*** DATA FOR THE TASK Section Begins ***

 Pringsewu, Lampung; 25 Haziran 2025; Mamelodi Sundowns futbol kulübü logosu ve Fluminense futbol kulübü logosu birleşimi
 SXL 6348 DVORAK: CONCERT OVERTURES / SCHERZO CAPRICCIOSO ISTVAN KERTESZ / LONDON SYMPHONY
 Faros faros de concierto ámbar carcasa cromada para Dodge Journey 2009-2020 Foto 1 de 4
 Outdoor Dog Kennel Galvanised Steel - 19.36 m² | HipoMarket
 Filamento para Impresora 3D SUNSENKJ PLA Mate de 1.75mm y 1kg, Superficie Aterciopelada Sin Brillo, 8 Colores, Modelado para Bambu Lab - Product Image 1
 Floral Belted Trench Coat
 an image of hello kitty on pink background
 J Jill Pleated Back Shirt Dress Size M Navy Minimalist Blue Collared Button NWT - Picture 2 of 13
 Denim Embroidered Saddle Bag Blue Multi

*** DATA FOR THE TASK Section Ends ***
*** DATA FOR THE TASK Section Begins ***

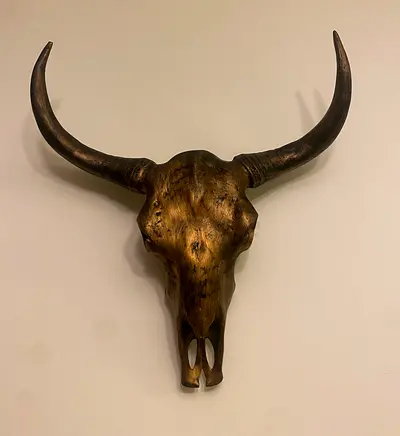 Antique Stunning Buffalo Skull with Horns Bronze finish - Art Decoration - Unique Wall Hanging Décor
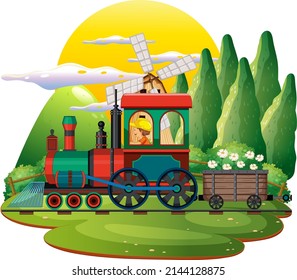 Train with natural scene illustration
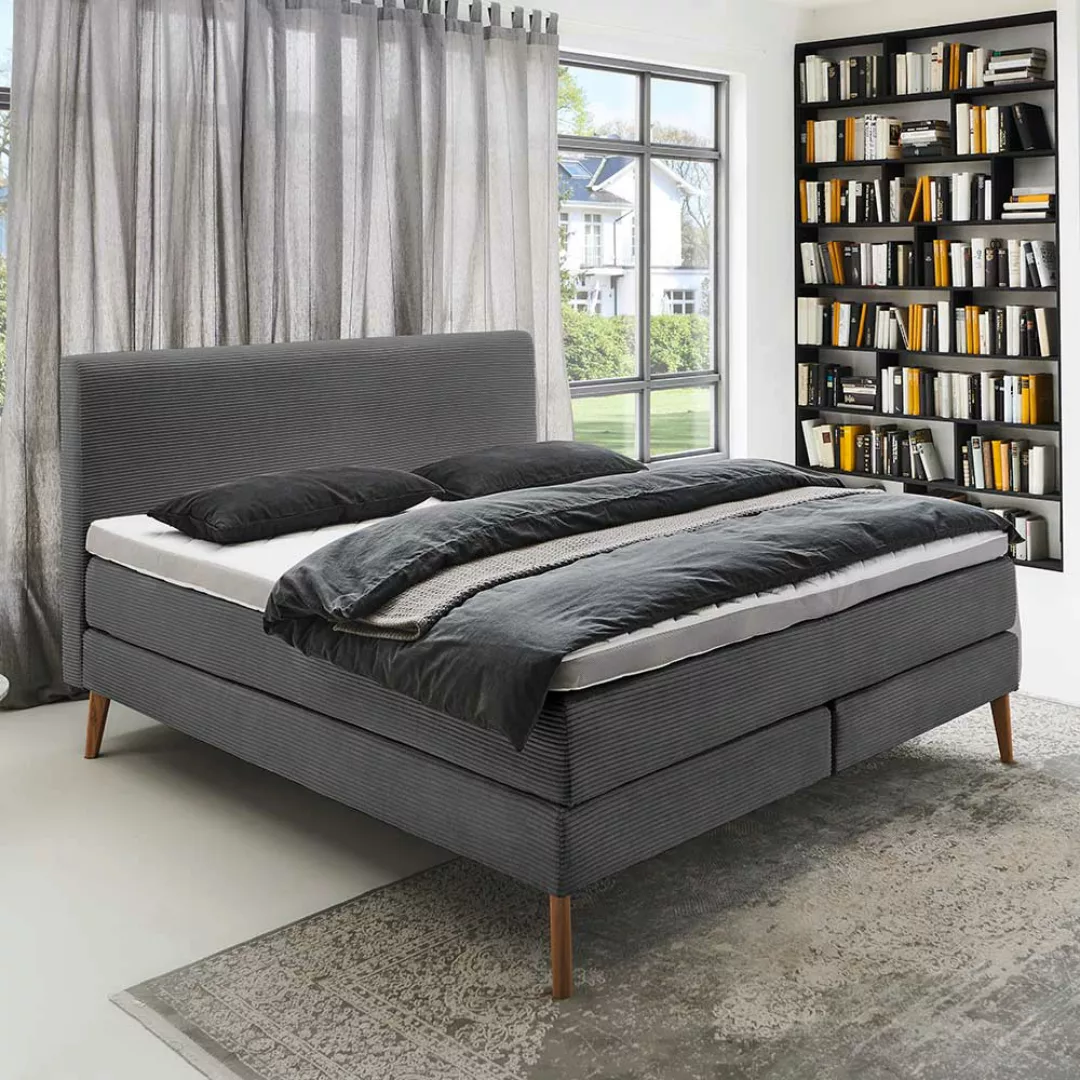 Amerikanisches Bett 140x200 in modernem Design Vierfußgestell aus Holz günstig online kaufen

*** DATA FOR THE TASK Section Ends ***
*** DATA FOR THE TASK Section Begins ***

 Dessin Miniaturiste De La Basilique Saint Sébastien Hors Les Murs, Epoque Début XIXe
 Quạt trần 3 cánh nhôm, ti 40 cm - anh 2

*** DATA FOR THE TASK Section Ends ***

_WORK TO BE COMPLETED_
Give the number of lines in the material above where the word "Blue" appears, without any other words.

_RESULT OF THIS EXERCISE_
2